Wherever a line in the records contains the word "Dress", return that line.
*** EXTRACTED MATERIAL ***
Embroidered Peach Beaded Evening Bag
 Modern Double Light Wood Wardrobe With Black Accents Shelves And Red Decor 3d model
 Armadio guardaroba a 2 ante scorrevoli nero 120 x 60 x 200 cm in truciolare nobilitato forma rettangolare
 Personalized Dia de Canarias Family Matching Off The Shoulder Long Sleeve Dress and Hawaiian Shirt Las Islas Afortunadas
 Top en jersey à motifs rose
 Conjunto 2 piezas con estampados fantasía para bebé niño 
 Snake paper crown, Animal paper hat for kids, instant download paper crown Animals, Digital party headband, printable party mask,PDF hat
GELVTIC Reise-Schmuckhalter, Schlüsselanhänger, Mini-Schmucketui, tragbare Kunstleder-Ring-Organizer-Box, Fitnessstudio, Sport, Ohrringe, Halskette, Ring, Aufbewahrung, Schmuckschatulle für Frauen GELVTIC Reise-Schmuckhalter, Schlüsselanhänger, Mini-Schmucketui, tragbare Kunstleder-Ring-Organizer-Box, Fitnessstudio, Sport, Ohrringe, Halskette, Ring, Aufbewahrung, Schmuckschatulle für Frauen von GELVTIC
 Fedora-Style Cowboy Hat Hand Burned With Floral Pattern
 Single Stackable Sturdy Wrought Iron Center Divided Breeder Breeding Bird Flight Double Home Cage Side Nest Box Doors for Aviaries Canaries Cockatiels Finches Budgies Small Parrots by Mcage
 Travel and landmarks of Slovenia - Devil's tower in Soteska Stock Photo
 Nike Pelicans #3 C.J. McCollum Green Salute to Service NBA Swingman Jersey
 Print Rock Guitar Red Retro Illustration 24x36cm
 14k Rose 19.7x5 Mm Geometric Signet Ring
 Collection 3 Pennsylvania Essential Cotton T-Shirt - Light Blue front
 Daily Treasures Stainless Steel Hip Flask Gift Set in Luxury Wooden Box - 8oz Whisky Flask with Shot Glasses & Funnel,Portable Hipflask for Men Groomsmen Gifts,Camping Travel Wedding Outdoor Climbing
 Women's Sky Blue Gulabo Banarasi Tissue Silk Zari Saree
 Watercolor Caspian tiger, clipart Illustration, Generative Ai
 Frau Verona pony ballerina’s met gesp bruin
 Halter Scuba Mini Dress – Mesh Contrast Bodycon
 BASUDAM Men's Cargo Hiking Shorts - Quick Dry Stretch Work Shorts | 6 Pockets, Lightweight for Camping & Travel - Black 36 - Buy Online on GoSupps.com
*** End of EXTRACTED MATERIAL ***
• _FINISHED EXERCISE_:
 Personalized Dia de Canarias Family Matching Off The Shoulder Long Sleeve Dress and Hawaiian Shirt Las Islas Afortunadas
 Halter Scuba Mini Dress – Mesh Contrast Bodycon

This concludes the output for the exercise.